The input.
=== Begin Enclosure ===

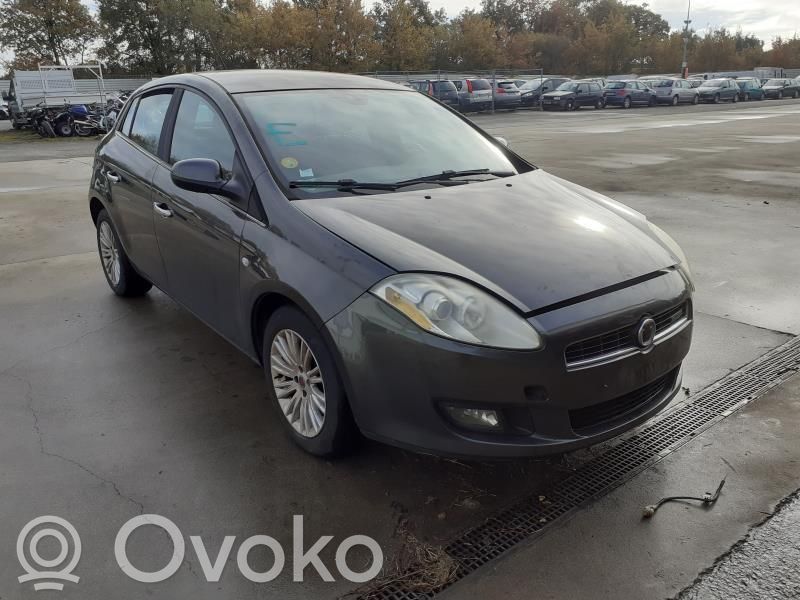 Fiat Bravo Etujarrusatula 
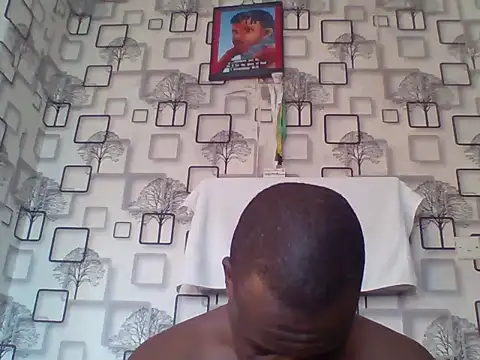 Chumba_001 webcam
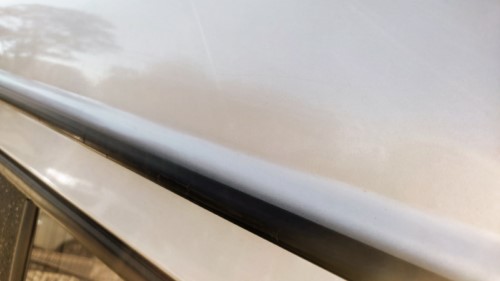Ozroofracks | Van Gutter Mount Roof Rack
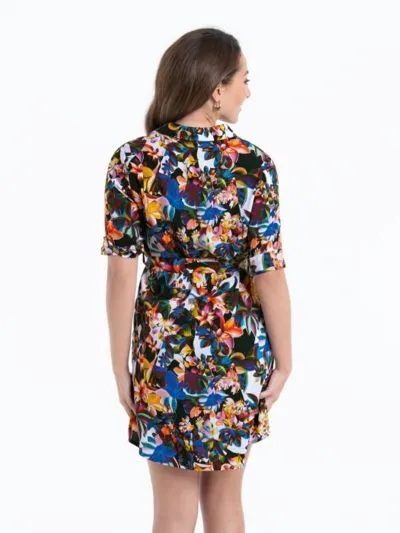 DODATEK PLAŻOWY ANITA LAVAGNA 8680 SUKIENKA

=== End Enclosure ===
=== Begin Enclosure ===

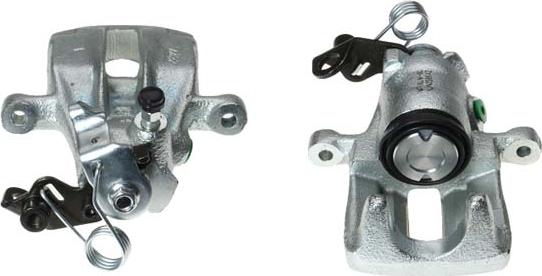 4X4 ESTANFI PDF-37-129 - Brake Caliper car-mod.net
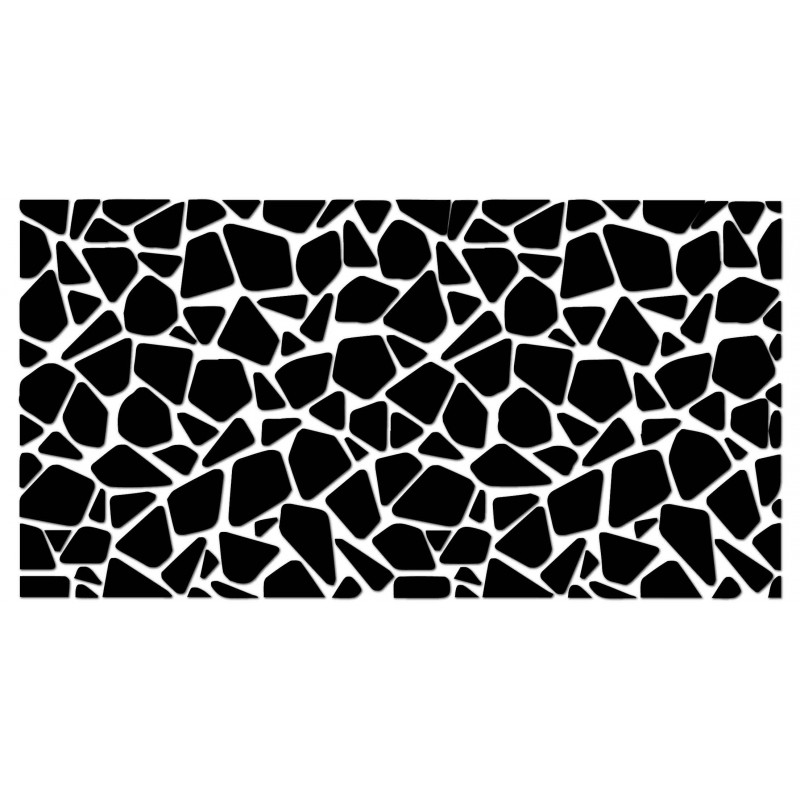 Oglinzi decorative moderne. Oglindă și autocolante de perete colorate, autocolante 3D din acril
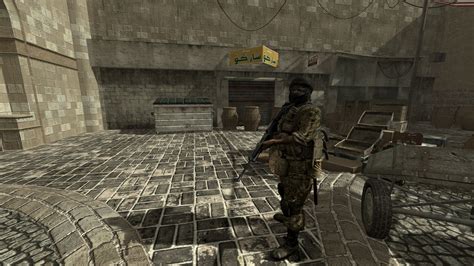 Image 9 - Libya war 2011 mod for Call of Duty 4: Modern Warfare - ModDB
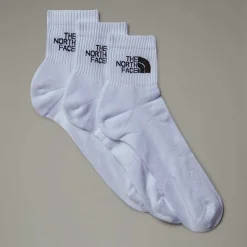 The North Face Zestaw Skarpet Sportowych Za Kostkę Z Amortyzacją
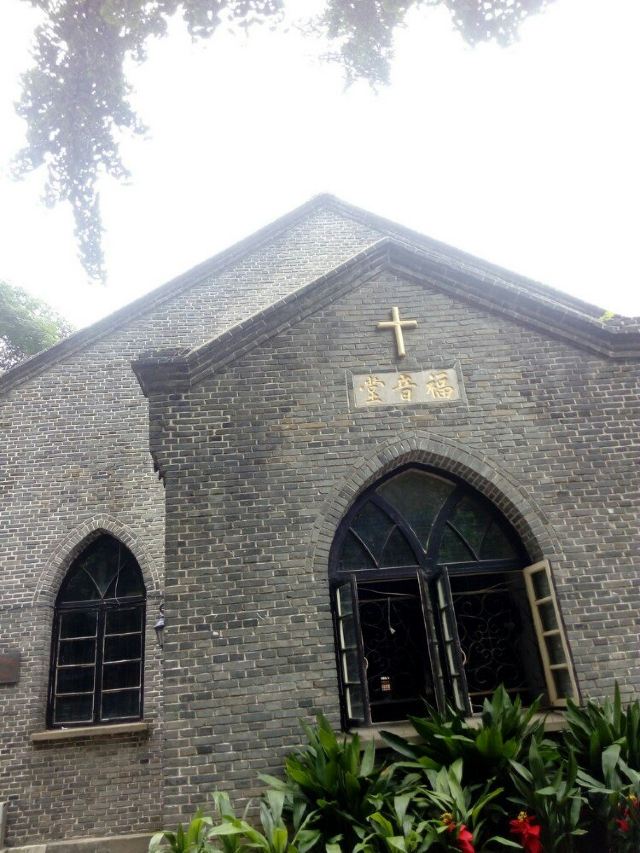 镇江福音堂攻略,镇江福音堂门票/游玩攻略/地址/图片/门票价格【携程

=== End Enclosure ===

Aim of the exercise. Return the material from the line containing "Chumba_001 webcam" through the line containing "DODATEK PLAŻOWY ANITA LAVAGNA 8680 SUKIENKA", exactly and in full, but without its pictures.

Solution to the exercise.
 Chumba_001 webcam
Ozroofracks | Van Gutter Mount Roof Rack
 DODATEK PLAŻOWY ANITA LAVAGNA 8680 SUKIENKA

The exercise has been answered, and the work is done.